Boxes for pipe tobacco
A German once wrote that the Dutch were Dosentrager. They were known to always carry a brass tobacco box containing their supply of tobacco for the day. In any case, the brass tobacco box is a typical Dutch article. They were made in many thousands and worn out in equally great numbers. Boxes in fine condition are rare.
Size and shape of the Dutch tobacco box changed with the tobacco consumption, the prosperity of the user and of course fashion. The oldest specimen fit in the palm of the hand and need a small stopper on the hinge, inside, to press the tobacco into the small pipe bowls. The pinnacle of luxury was a box of tortoise. From 1700 the box is oval or with chamfered corners. They are particularly interesting because of the iconographic message that the lid and bottom show, as a mirror of Dutch culture. Religious, with reference to biblical texts, but also with the depiction of city panoramas or special events, such as the cattle plague that once ravaged the Seven Provinces. In keeping with the religious feeling, the tobacco box is in the shape of a church book, engraved on the covers with a pious message.
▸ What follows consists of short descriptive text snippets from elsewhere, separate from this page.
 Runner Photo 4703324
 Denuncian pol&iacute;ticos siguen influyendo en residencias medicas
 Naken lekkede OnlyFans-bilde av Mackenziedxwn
And then of course there is love, preferably erotic, whether or not behind a cover, but always with a moralistic undertone. Abandonment is another popular theme. It is unclear whether this was a warning for the loyal houseman or a warning for the bachelor who always will be left alone.
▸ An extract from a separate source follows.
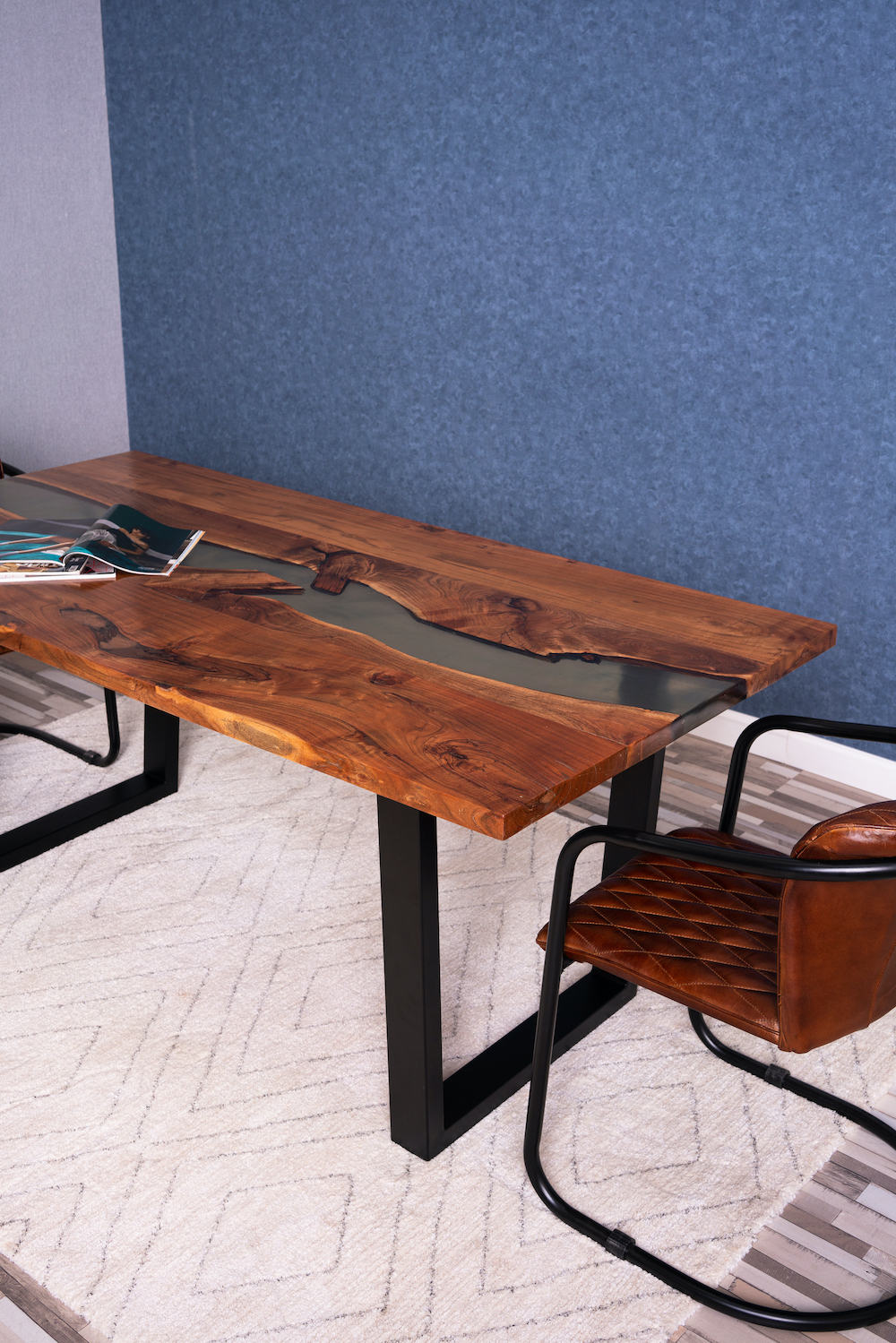 mese de dining din lemn masiv si rasina concept22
In addition to the traditional brass boxes, there are luxury copies of other materials: printed buffalo horn or whale baleen. In East-Asia, boxes are made of blackened metal with gold, the so-called Sawasa, but in a purely Dutch shape. Later we see white metal that should imitate the more luxurious silver. Painted tin-plate tobacco boxes became popular in the nineteenth century. Wood has also been used for boxes for pipe tobacco. A curious example is decorated with inset mirrors.